その人に初めて会ったのは、「鬼の会」でだった。80年あたり、団鬼六氏は年に1,2回「鬼の会」と称して、編集者や作家、絵描き、または友人を集めて、宴会をしたり、一泊旅行に行ったりしていた。
 友達の中には、立川談志や鬼六映画の女優陣、刺青師など幅広い人達がいたので、いつも同じような出版界人としか交わっていない私などは楽しみの一時であり、緊張する一時でもあった。
 ある時などは、急に石和温泉に一泊旅行ということで、各出版社の編集長クラスが召集された。行ってみると関東を縄張りとするヤクザの総長の会のゲストだった。鬼六さんもさすがに一人では気が引けたのか、我々をお供にしたようだ。
 なにしろ旅館全体がコワモテの組長やボディガードで占拠されたようなものだから、私達ウラナリは身の置き所がない。お風呂に行けば、刺青の間を縫うような有様だし、宴会場ではいつまでも続く挨拶の応酬に、いつ箸をつけていいやら勝手がしれずオロオロするばかりだった。
 宴会が始まると組長クラスの人がお供を連れて私の横に座って、しきりに酒をすすめてきた。なんだろうと思っていると、その頃都内に10軒近くに増えてきていた「SMクラブ」の話だった。私を選んだのは、スナイパーが一番SMクラブの取材を積極的にやっているのを鬼六さんあたりから聞いてきたのだろう。
「どういった客がどのくらい来るのか? それに対して、どういうサービスをしたらいいのか?」
 もう私はお白州に出た罪人のようにペラペラと知っている限りをゲロしましたとも。
 それから半年たった頃から、池袋・渋谷などにヤクザ系SMクラブが進出してきたが、もしかしてあの会の私のゲロが誘引だったのかもと思ったものだ。
 
 長い前書きになってしまったが、「鬼の会」で初めて会った人、とはヤクザさんのことではない。それどころかマスコミ系から国会議員になった人だ。
 その人は「鬼の会」で少しばかり話しただけなのに、それから数日すると、いきなり編集部に現れた。そればかりか、「写真が欲しい」とストレートに頼むのだ。
 有名人だけにSMの編集部にいるのが人の目に止まってはと懸念した私は、近くの喫茶店で待っていてもらって、写真を選んだ。
 カラー写真は35ミリのポジフィルムだから、当時の幻灯機にでもかけないと見にくいので、モノクロの紙焼きということになる。
 紙焼きは告白文中のカット写真などに使うために、かなりストックがあった。私はその中から、様々な良さそうなパターンを選んで喫茶店に急行した。

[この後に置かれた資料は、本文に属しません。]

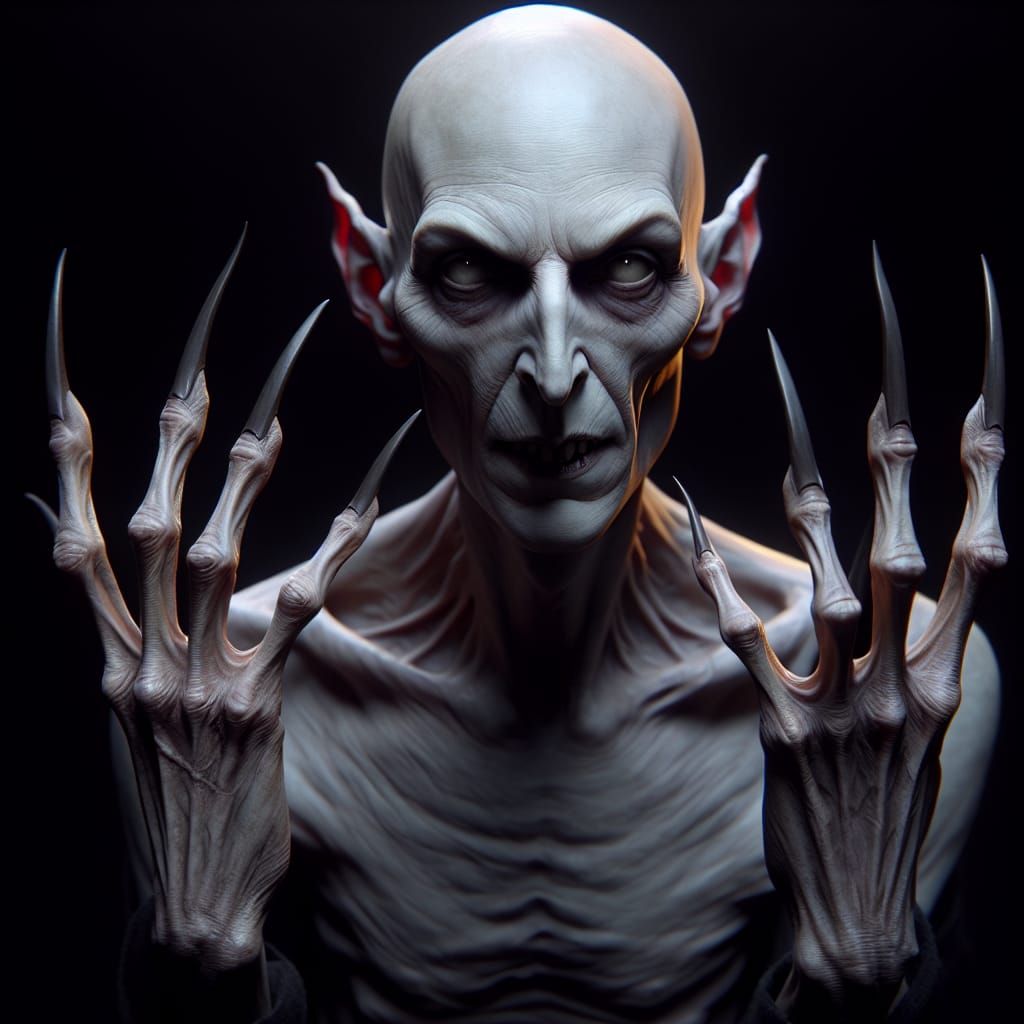 1920s Gothic Horror Figure in the Shadows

 だが、私のセレクトをパラパラとめくった議員先生は「これは自分の好きなモノではない」と一蹴した。そして声を潜めて「毛のないのはないのかなー」と言うのだった。
 私はそれまで「剃毛マニア」とか「パイパンマニア」という人がいるのは本で読んで知っていたが、実物にお目にかかったのは初めてだった。思わず薄くなった先生の髪の毛を見てしまった。それ以来、彼は私の中で「無毛の人」という仇名になった。
 しかし困った。当時は規制で陰毛は出せないので、普通に撮った写真に「スミベタ」
という黒インクで毛を塗りつぶす処理をして出版していたのだ。毛を剃った写真は少なく、あったとしても亀裂や内部が見えると困るので、そこに股縄を食い込ませて、中身は見えない写真しかなかった。毛もなく縄もない写真など「SM雑誌」では売り物にな
らないのだから、当然のことだったのだ。
 それでも大部分のマニアはナマの写真に喜んでくれるのだったが……。
 こうして勇を奮って私を訪ねてくれた議員先生の希望に応えることはできなかった。
 ところが、それから2年ほど経つと、ビニール本や裏本、ビデオとの競争のために、私達は撮影の前にモデルの股間にうずくまって恥毛を剃るのが日課になるのだった。
 剃り跡も青々しい大陰唇にオイルを塗って霧吹きで水滴をつける――毛さえなければ大陰唇までは性器ではない、という取り締まり側との了解からのギリギリの対抗策だった。まさに剃毛マニアのパラダイスなのだろうが、私には煩わしい作業でしかなかった。
 その頃、議員先生が来たならば、墨ベタの入る前のパイパン写真を好きなだけあげることができたのになぁ。